▲ | mbreese 6 days ago | |||||||||||||||||||||||||||||||
I’m trying to learn more about the seekable zstd format. I don’t know very much about zstd, aside from reading the spec a few weeks ago. But I thought this was part of the spec? IIRC, zstd files don’t have to have just one frame. Is the norm to have just one large frame for a file and the multiple frame version just isn’t as common? Gzip can also have multiple “frames” concatenated together and be seamlessly decrypted. Is this basically the same concept?

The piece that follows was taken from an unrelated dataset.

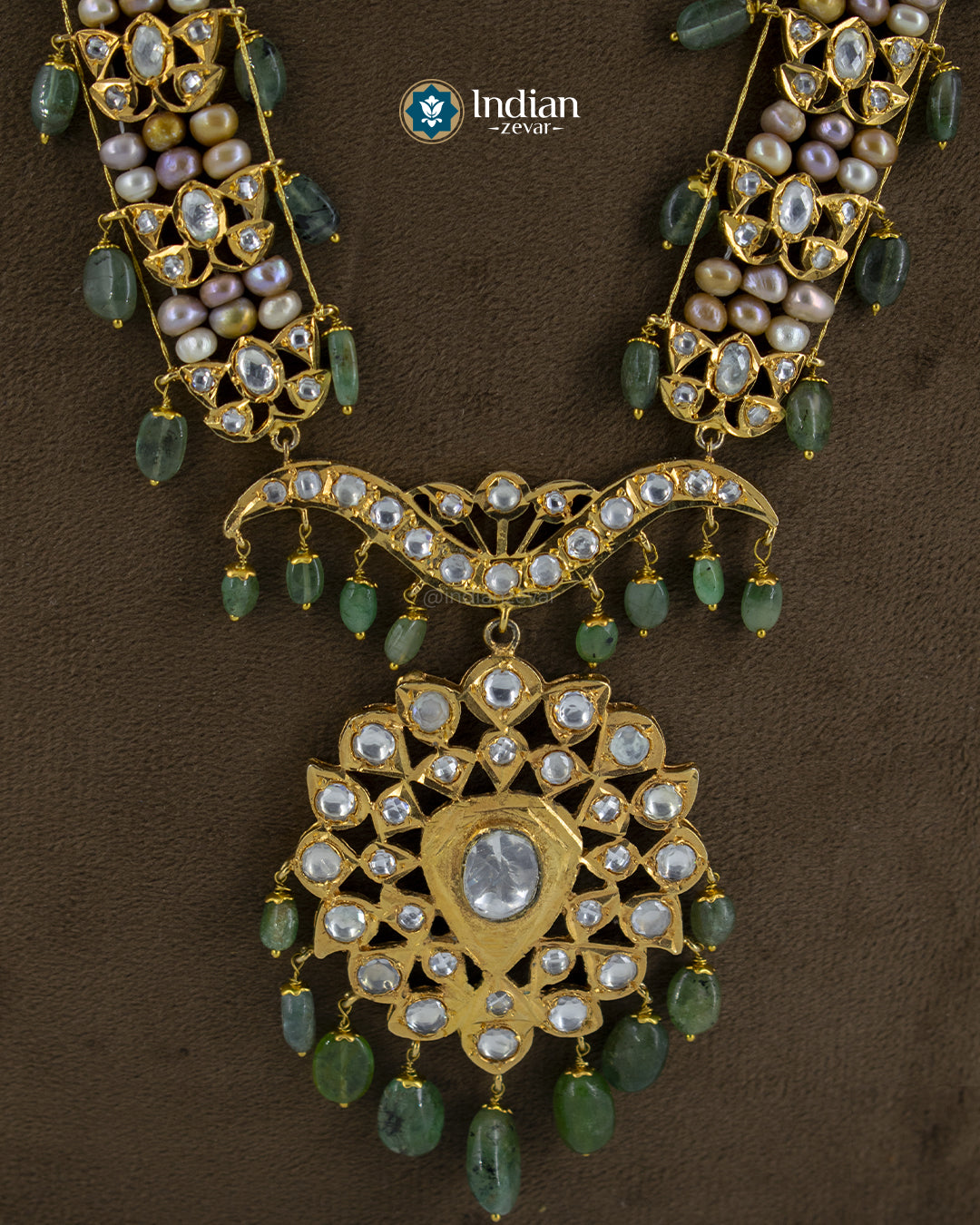 Indian Zevar bridal set – Hyderabadi Jadau Asif Jahi Haar (Murassa Haar) necklace with earrings. Crafted with pearls, Zambian emeralds, Pachi Polki, and gold-polished alloy. A timeless Rani Haar bridal necklace for weddings, Polki bridal sets price in India, Buy Kundan necklace online USA.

As mentioned by others bgzip uses this feature of gzip to great effect and is the standard compression in bioinformatics because of it (and is sadly hard coded to limit other potentially useful Gzip extensions). My interest is to see if using zstd instead of gzip as a basis of a format would be beneficial. I expect for there to be better compression, but I’m skeptical if it would be enough to make it worthwhile. | ||||||||||||||||||||||||||||||||
▲ | teraflop 6 days ago | parent [-] | |||||||||||||||||||||||||||||||
The Zstd spec allows a stream to consist of multiple frames, but that alone isn't enough for efficient seeking. You would still need to read every frame header to determine which compressed frame corresponds to a particular byte offset in the uncompressed stream. "Seekable Zstd" is basically just a multi-frame Zstd stream, with the addition of a "seek table" at the end of the file which contains the compressed and uncompressed sizes of every other frame. The seek table itself is marked as a skippable frame, so that seekable Zstd is backward-compatible with normal Zstd decompressors (the seek table is just treated as metadata and ignored). https://github.com/facebook/zstd/blob/dev/contrib/seekable_f... | ||||||||||||||||||||||||||||||||
|